Does the US offer a lesson in patriotism and a model for change on Australia Day?
American patriotism is markedly more overt than in Australia. We could learn from the nation’s approach to Juneteenth.
Driving around New Hampshire this week I was struck by how often American flags fluttered outside houses and businesses, and adorned the walls of pubs and restaurants in the scattered towns that dot the tiny “granite” state, something rarely seen back home.
Perhaps Australian patriotism is more covert, but I doubt it. The tired self-loathing debate about Australia Day, year after year, has worn down pride in Australia’s transformation from penal colony to among the richest and most cohesive nations in the world, especially among younger generations who focus obsessively on the dark chapters in our history – which blight all nations, albeit ours far less than most.

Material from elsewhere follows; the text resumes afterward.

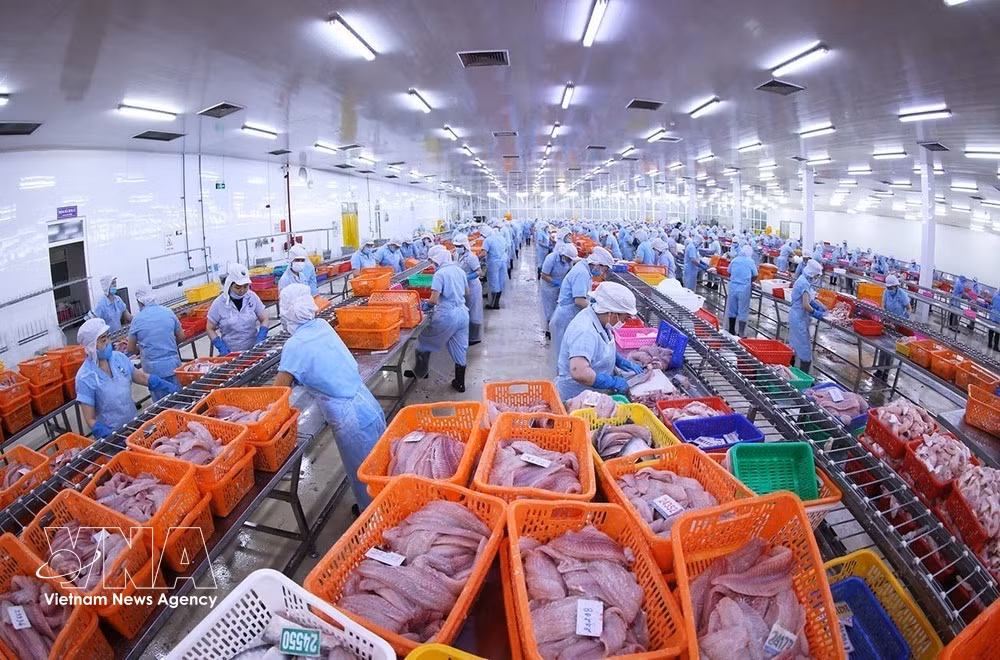 Chaîne de transformation du pangasius répondant aux normes d’exportation à l’usine Dai Tay Duong (Navico), entreprise disposant de la deuxième plus grande chaîne intégrée de production et d’exportation de pangasius au monde. Photo : VNA.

America’s national day, July 4, also ushered in regrettable acts, slavery and dispossession of the Native Americans, but in the US no one seriously suggests changing the date.
Americans proudly unite around their national day in a way Australians do not. It’s hard to imagine big US companies deriding Independence Day by withdrawing celebratory paraphernalia for sale, or offering staff the option of an alternative day to celebrate, as Australian companies have shamefully done.
The US has recently offered a simple solution to the understandable angst some feel about national days, African-Americans in the US, and Aborigines and Torres Strait Islanders in Australia for instance. Why not introduce another public holiday as Americans have done – Juneteenth, June 19, which is now a federal public holiday commemorating the end of slavery in the US.
Joe Biden, to his credit, established the day as a holiday in June 2021, to remember the appalling treatment of black Americans and their achievements under the shadow of adversity. It marks the day in 1865 when Union general Gordon Granger arrived in Galveston, Texas and told enslaved African-Americans of their freedom and the end of the Civil War.
“By making Juneteenth a federal holiday, all Americans can feel the power of this day, and learn from our history, and celebrate progress, and grapple with the distance we’ve come but the distance we have to travel,” the President said in a speech at the time.
Why doesn’t Australia establish another public holiday to celebrate our Indigenous people? Exactly the same arguments apply. It’s such an obvious solution it’s astonishing it hasn’t already been enacted. A special national day to mark their ill-treatment, before and after Federation, and celebration of their subsequent achievements would undermine the argument Australia Day should be lamented as Invasion Day. Schools could schedule events and curriculums around it.
The government should establish a panel of historians to work out what the best date might be – perhaps May 27, 1967, when Australians overwhelmingly voted to include Aborigines in the census.
Establishment of such a day soon would go some way to address the hurt some Aboriginal people feel in the wake of the unnecessary and divisive voice poll.
Public holidays are popular, and the impact of an additional one on economic activity negligible. If Australia ever became a republic, that date could replace January 26 as our national day. But until then, it’s the best, least divisive, date we have to celebrate what was, undeniably, the start of a modern civilisation on our great continent.
Making the date of federation the holiday on January 1 doesn’t work because it’s already a public holiday, not to mention obtaining permission from the British to have limited self-government lacks all the colour and daring of the First Fleet. In a world beset by ever rising tensions, patriotism is increasingly an important asset for any nation, ensuring a greater share of citizens would make sacrifices for the common good if so required. It’s in governments’ interest to foster pride in one’s nation; otherwise what is the point in being separate? Australia’s annual bout of self-loathing around Australia Day isn’t only embarrassing, it’s damaging to our prospects, economic and political.